--- Exercise instructions ---
In the listing below, a line holding "Load image into" and a line holding "Preworn Womens Orange Polyester Scarf" mark the range. Retype both exactly, with all lines between them.

--- Material for this exercise ---
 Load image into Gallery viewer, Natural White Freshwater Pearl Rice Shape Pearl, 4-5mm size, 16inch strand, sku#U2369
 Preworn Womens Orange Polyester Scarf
---
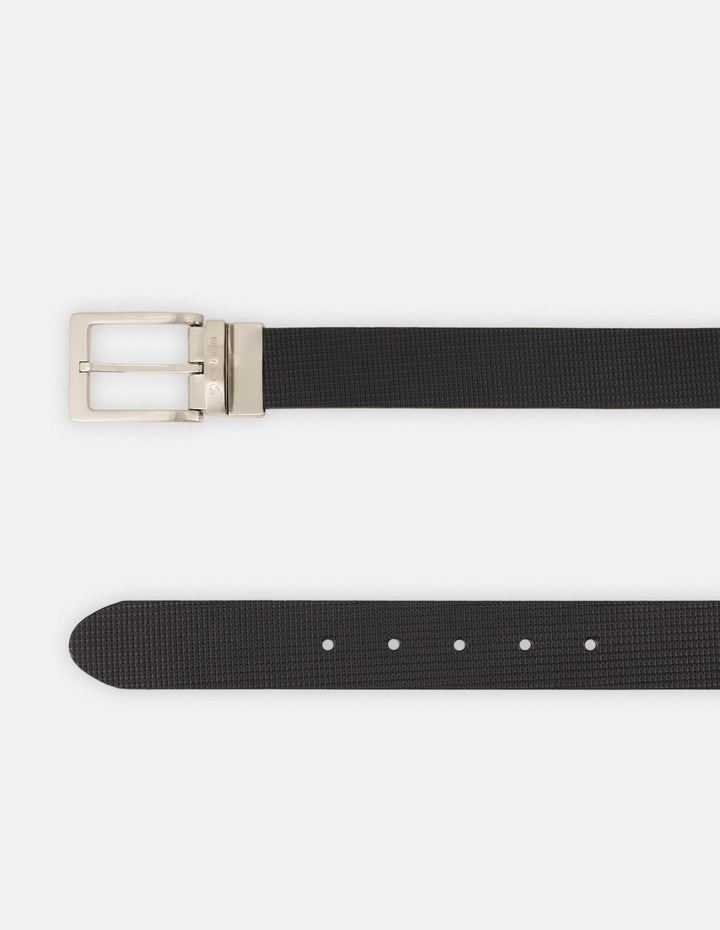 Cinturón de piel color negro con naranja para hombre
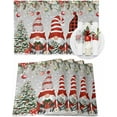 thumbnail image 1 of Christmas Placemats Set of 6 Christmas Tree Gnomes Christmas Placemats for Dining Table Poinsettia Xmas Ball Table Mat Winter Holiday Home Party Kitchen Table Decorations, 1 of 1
...
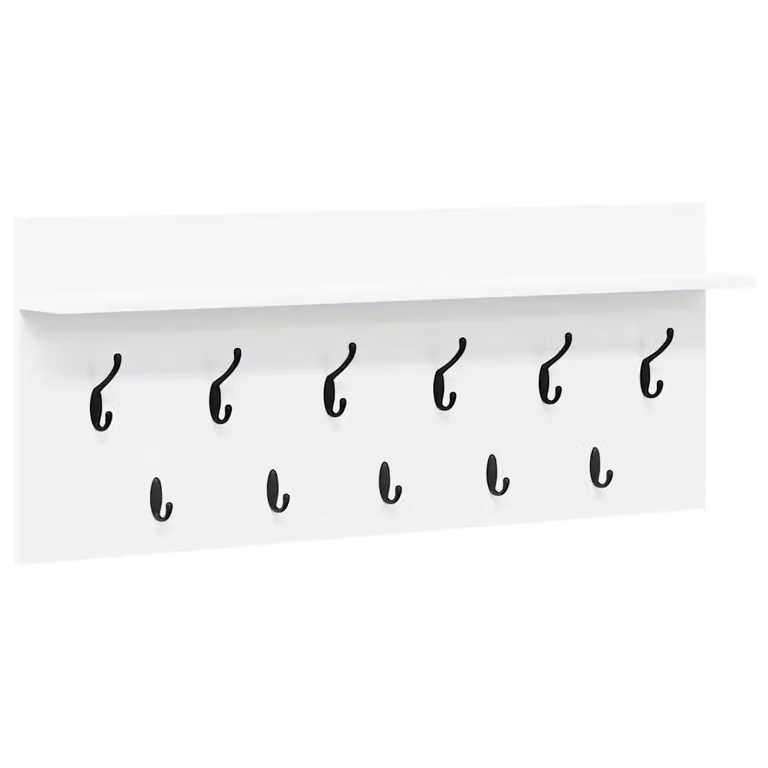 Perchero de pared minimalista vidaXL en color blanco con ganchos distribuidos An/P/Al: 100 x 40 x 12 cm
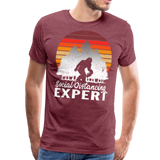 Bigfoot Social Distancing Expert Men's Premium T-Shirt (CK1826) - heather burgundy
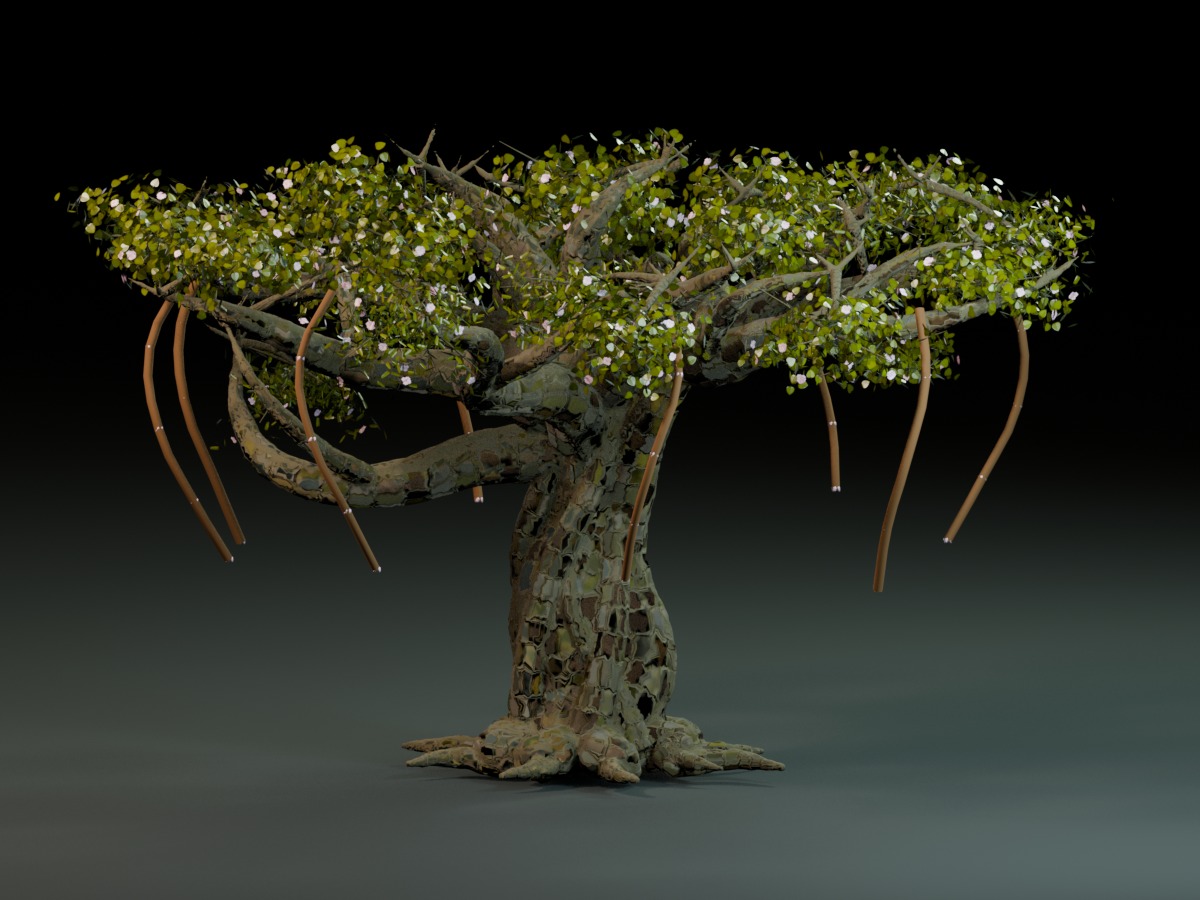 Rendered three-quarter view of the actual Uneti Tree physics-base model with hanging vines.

--- Reply to the task ---
 Load image into Gallery viewer, Natural White Freshwater Pearl Rice Shape Pearl, 4-5mm size, 16inch strand, sku#U2369
 Preworn Womens Orange Polyester Scarf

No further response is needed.